C’est dans cet esprit que les membres du groupe de recherche Récit Nom@de ont fait l’expérience du « voyage des sens ». Les yeux grands fermés, ils sont partis à l’aventure guidés uniquement par leur confiance en eux et par celle donnée au bras rassurant d’un camarade. Ainsi, ils ont pu arpenter des paysages quotidiens sous un angle différent grâce une simple contrainte , la perte de la vue, créatrice d’un autre rapport au dehors. En fermant les yeux, on aura cherché à stimuler les autres sens; à laisser la peau, les pieds, l’odorat « voir » et ressentir l’espace.

Il est commun d’entendre parler du voyage comme étant une manière de sortir de sa zone de confort. Le voyage des sens requiert d’emblée cette sortie, puisque les participants ont dû s’y prêter sans même savoir préalablement ce qui les attendait. Les yeux fermés, au bras de gens qu’ils connaissaient à peine, ils ont dû expérimenter le fragile équilibre entre confiance et vulnérabilité.

Ayant préalablement fait l’expérience du voyage des sens, j’ai eu la chance de me placer cette fois-ci en qualité d’observatrice, scrutant les réactions des marcheuses et marcheurs. Le parcours – répété à deux reprises pour que toutes et tous puissent vivre la joie d’être guide ou de se laisser guider – débute toujours par un mélange de peur et d’excitation. D’abord, les corps inquiets et déstabilisés avancent dans l’espace avec une certaine méfiance : on cherche le connu, le confort, à travers cette mise en situation qui nous laisse sans repère.

Pourtant, c’est dans le laisser-aller que s’opère la magie. Une fois passée la surprise des débuts, l’atmosphère devient vite moins tendue. Voilà que nos participants semblent euphoriques, joyeux, curieux. Chaque changement subtil (dans la lumière, la température, l’environnement ou l’aspérité du sol) provoque de grandes réactions. Ils rient, palpent avec attention les objets qui les entourent et explorent les nombreuses sensations offertes.

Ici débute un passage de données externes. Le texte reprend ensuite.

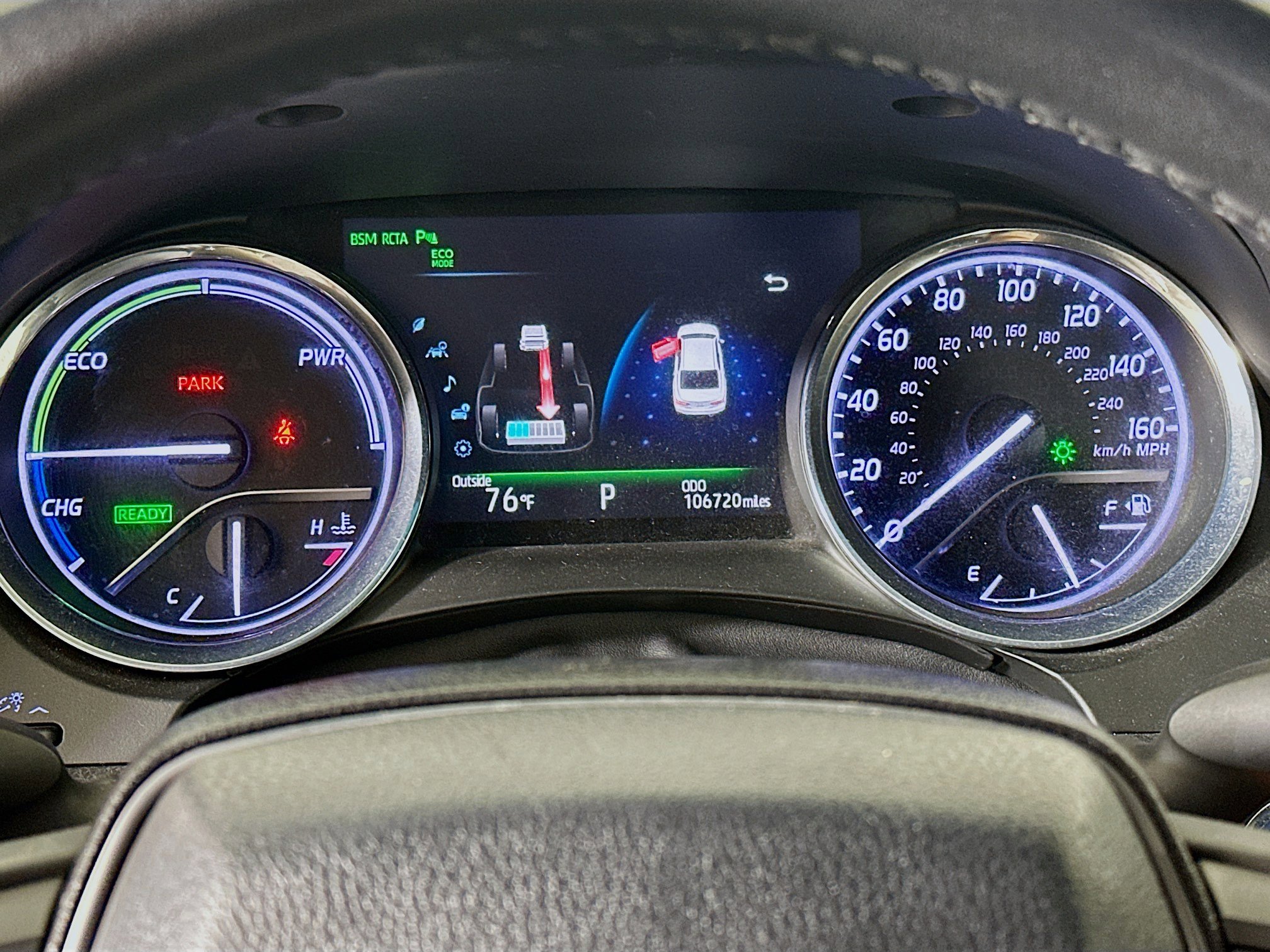 Used 2018 Toyota Camry XLE w/ Audio Package FWD image 19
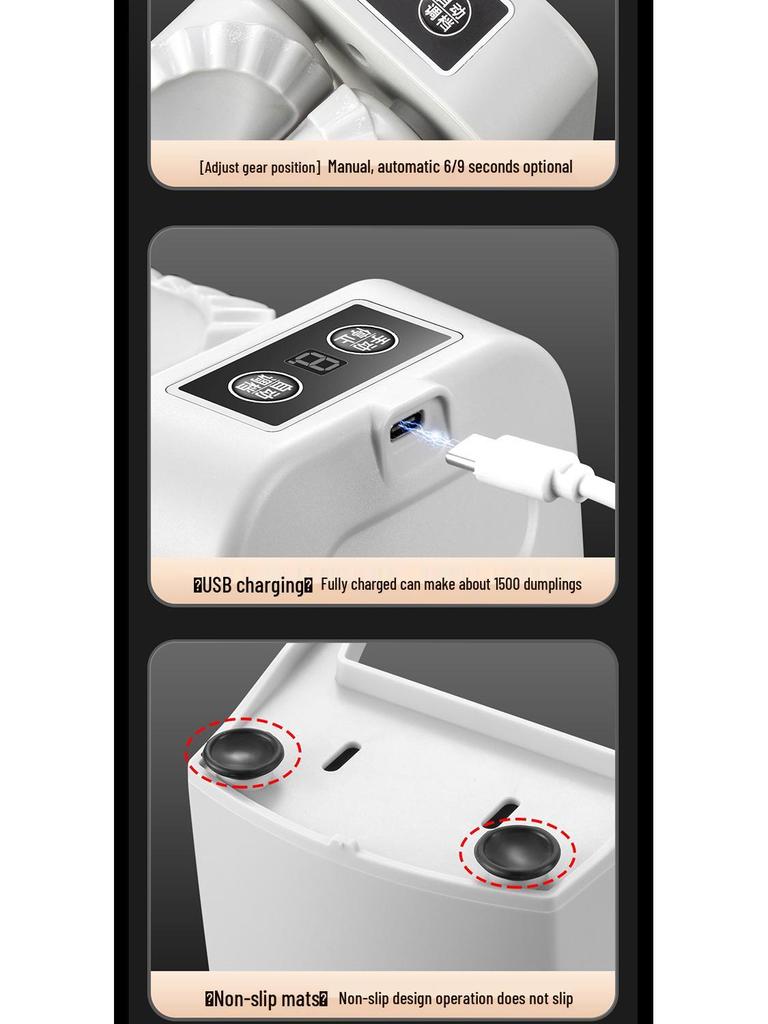 Мини Беспроводная Автоматическая Пельменница для Дома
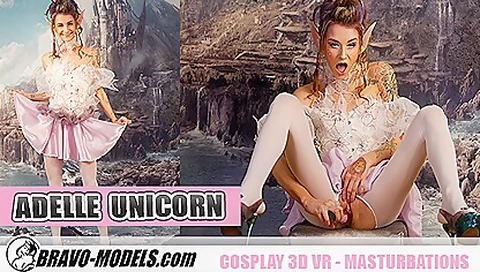 Adelle Unicorn - Fabulous Porn Movie Solo Check Unique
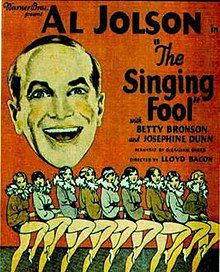Al Jolson In The Singing Fool - 1987 • Álbum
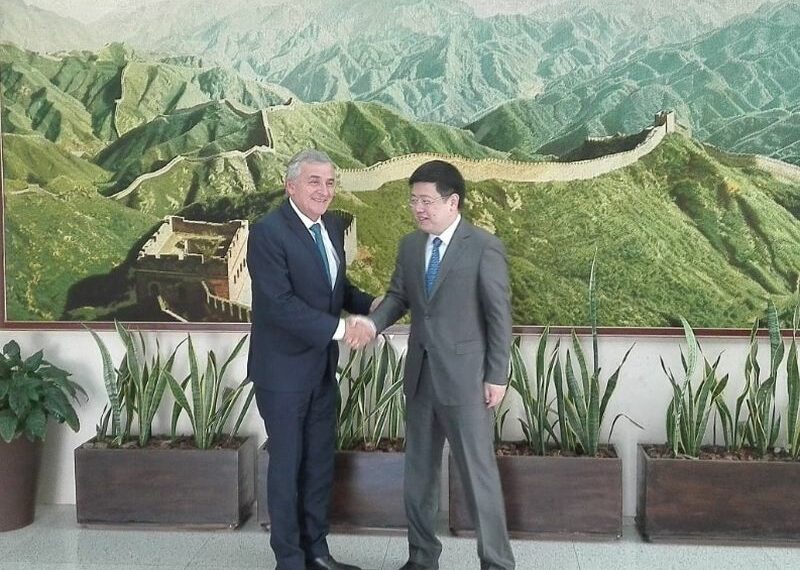 Jujuy y China repasaron su agenda energética y minera común
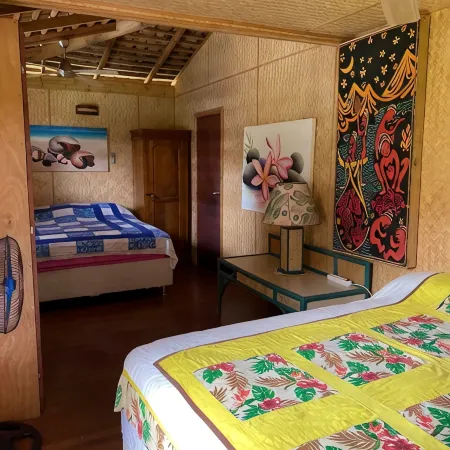 Maison SUR Belle Plage Plage Blanche Bungalow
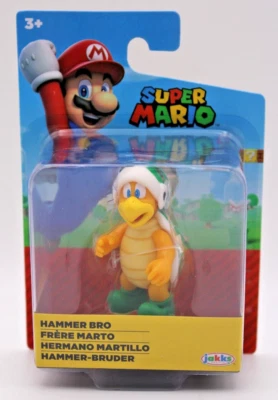 Jakks Pacific Hammer  Bro World of Nintendo Super Mario 2.5 Inch Action Figure - Image 1 of 4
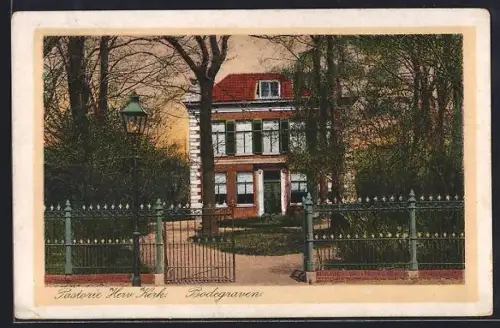 AK Bodegraven, Pastorie Herv. Kerk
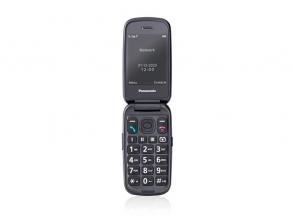 Panasonic KX-TU550EXB 2,8" 4G fekete mobiltelefon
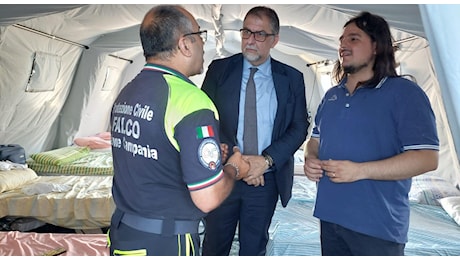 Terremoto Campi Flegrei, il sindaco di Bacoli: «Servono fondi urgenti per la messa in sicurezza dei costoni»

Ce retour au corps influe d’ailleurs sur leur manière de bouger. Certains semblent redevenir enfants: courant, grimpant, culbutant. L’espace traversé, que l’on approche souvent de manière utilitaire, se transforme en terrain de jeu; il devient un lieu à explorer où la créativité de chacun peut s’exprimer. La plante à côté de laquelle on passe d’ordinaire sans même l’apercevoir se révèle être en source d’étonnement. L’environnement n’est plus vide, mais plein (rempli de sons, de textures ou d’odeurs). Les marcheurs prennent surtout le temps de nouer une relation avec le monde qui les entoure. Celui-ci ne paraît alors plus donné, conquis, circonscrit, mais se présente plutôt comme un territoire changeant à explorer et à inventer.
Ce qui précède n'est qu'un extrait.